Miriam Smith, a trainee area manager at Lidl GB, agrees: ‘My advice for graduates in the workplace is to ask loads of questions and keep a log of what you’ve learned. Be the keenest bean there; work hard for people and they will support you in return.’
4. Take on more responsibility… and then do a good job
Managers are often impressed by graduates who volunteer to help out with tasks that go above and beyond their day-to-day role. Be careful, though, not to take on too much work or make unrealistic promises (especially while you are still working out how long different tasks typically take to complete and getting the hang of managing your time). This can backfire if you aren’t able to complete it by the deadline. ‘One thing I’d advise all graduates in their first roles is to make sure you’re making a good impression,’ says Yasmin. ‘Be enthusiastic and say “yes” to things, but within reason; it’s not a good impression if you agree to take on tasks you can’t complete.’
5. Ask for opportunities
Sometimes an exciting project or task won’t be directly offered to you and it’ll be up to you to express your interest.
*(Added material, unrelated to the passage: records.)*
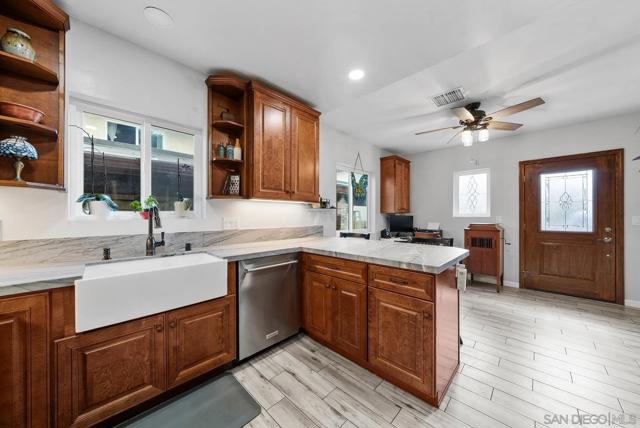 11764 66 Avenida Marcella, El Cajon CA: https://media.crmls.org/mediaz/d3a8ee3a-9bdb-4b93-943c-03fbfdc77834.jpg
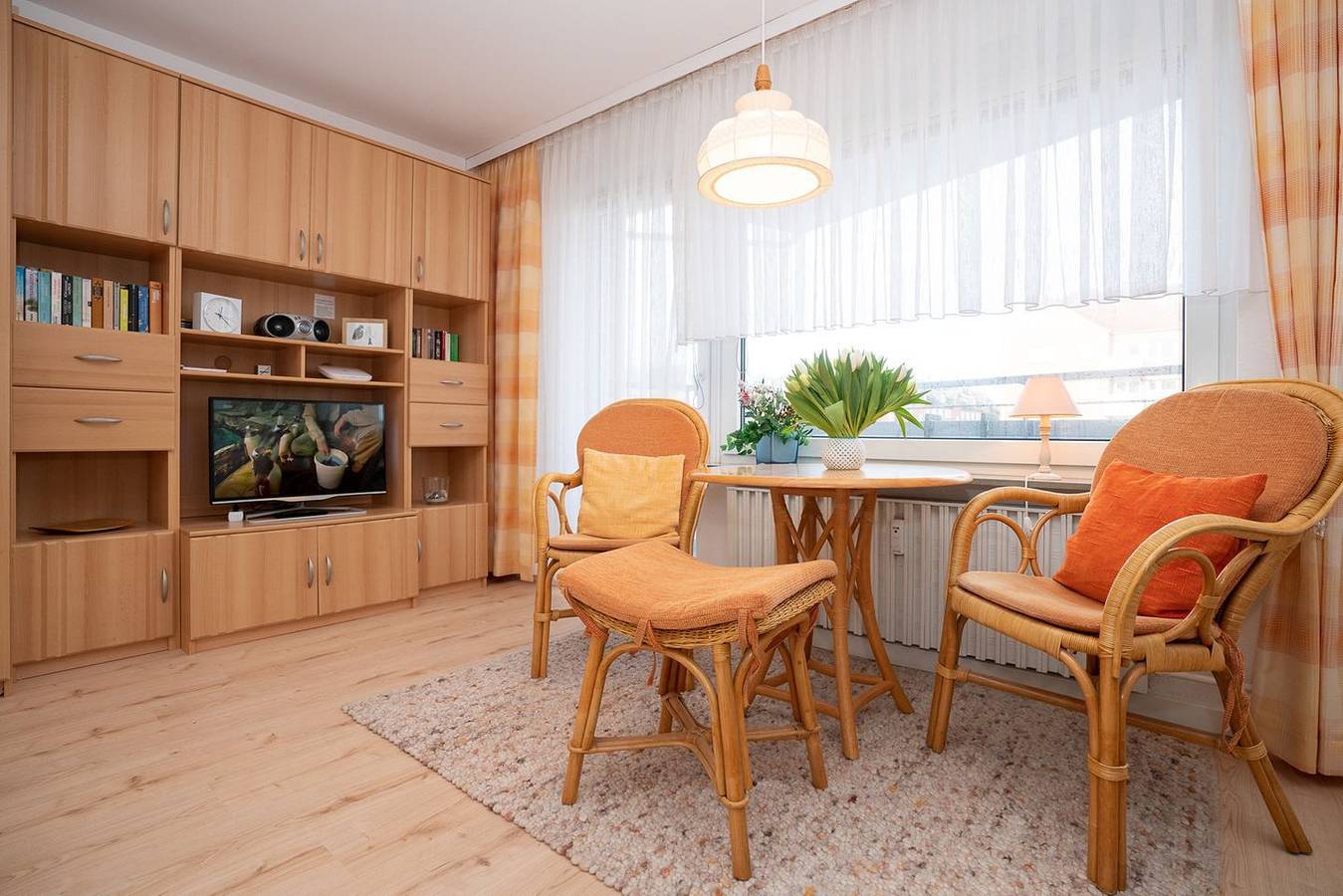 Ganze Wohnung, Komfortables Apartment mit Balkon, Aufzug und Parkplatz in Westerland in Westerland, Sylt (Gemeinde)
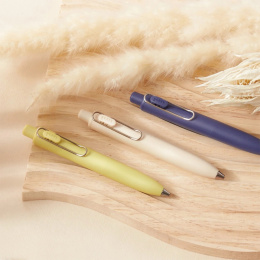 Kuulakärkikynä One P Peach Milk ryhmässä Kynät / Fine Writing / Kuulakärkikynät @ Pen Store (137067)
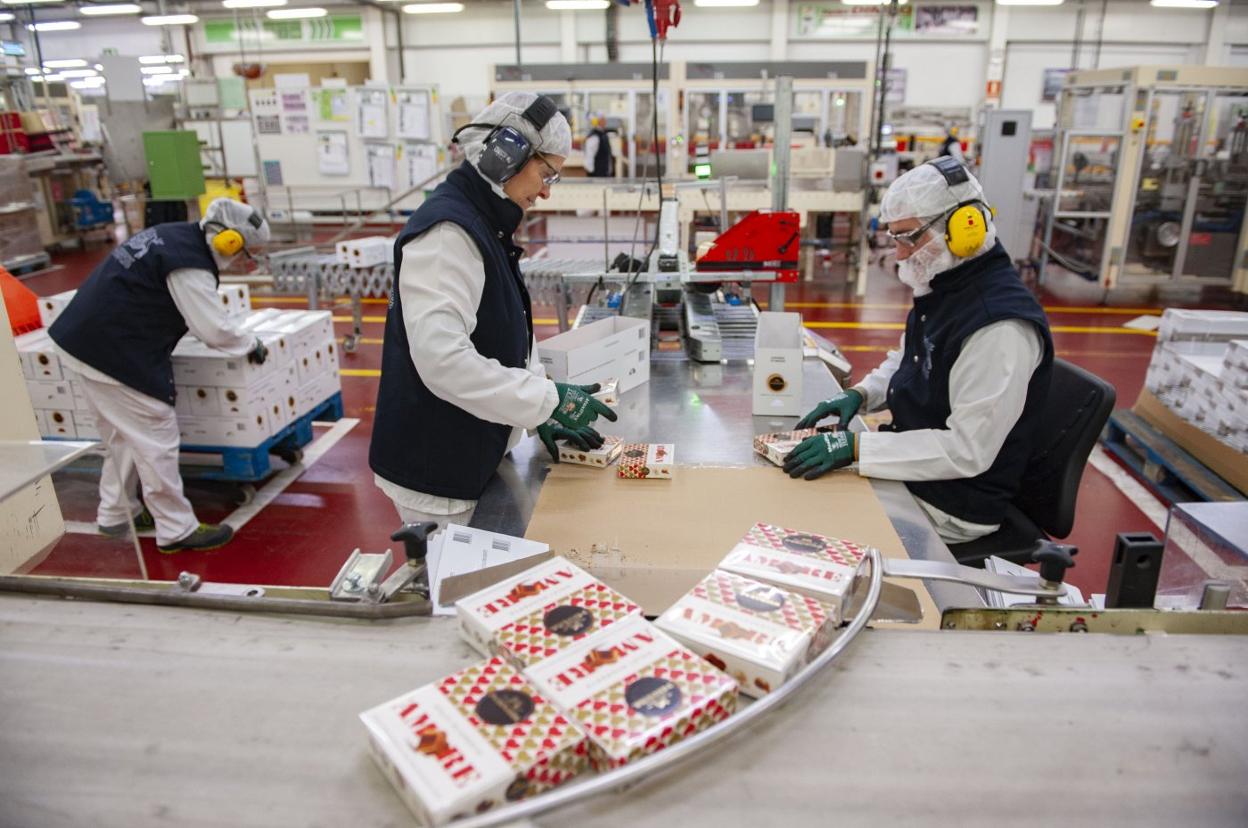 Unos operarios de Nestlé, en las instalaciones que la factoría posee en La Penilla de Cayón.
Even if you aren’t able to be involved on that occasion, it shows willing and may lead to you being asked to help with something similar in the future. Suad Mohamed, a product manager at BT, says: ‘Throughout my career so far, I’ve learned that if you don’t ask for opportunities, you don’t get them. If there is a project […] that you’re interested in working [on], you’ve got to make it known by networking and putting yourself out there.’
6. Get involved in the wider organisation
Taking opportunities isn’t limited to your job role; it can also be a good way of getting to know people in different areas of the organisation, such as through diversity networks and social activities. Zoe Duvall, a management consultant at Mott MacDonald, was an early careers champion for its social responsibility global practice: a network to share knowledge and good practice across the business. She explains: ‘Building a network is something that can be quite daunting, but I found it happened naturally for me by being interested in what other people do across the business and saying “yes” to things outside of my comfort zone. You learn so much by just giving something a go.’
‘My advice to all new starters is to take the opportunities given to you,’ says Alex, a software engineer at GCHQ. ‘That could be helping out with a new project or with running a diversity event. It’s a good way to make friends and professional contacts. I’ve ended up doing a lot of stuff that I never would have anticipated and most of that has come – at least partly – from having a network of people I can draw on.’
7. Find your passion… and a mentor
Having something in common is always a great conversation starter and this is just as true in your professional life as in your social life. Matt Bingham, a mechanical design engineer at Rolls-Royce who has completed the nucleargraduates scheme, suggests: ‘My big networking tip is to do some wider reading about the industry and to find a topic that you’re passionate about – this has really helped me to connect with more senior people in the industry as a graduate.’
Once you have formed connections based on these shared interests with others across your company and industry, they can become an invaluable source of support and guidance for you in your future career. Davut at Sky explains: ‘On top of my buddy, my graduate programme manager and my rotation managers, I have so many informal mentors. For example, I met a senior colleague through one of my rotation managers and, through regular catch-ups over coffee, he has given me a complete technical overview of the company.’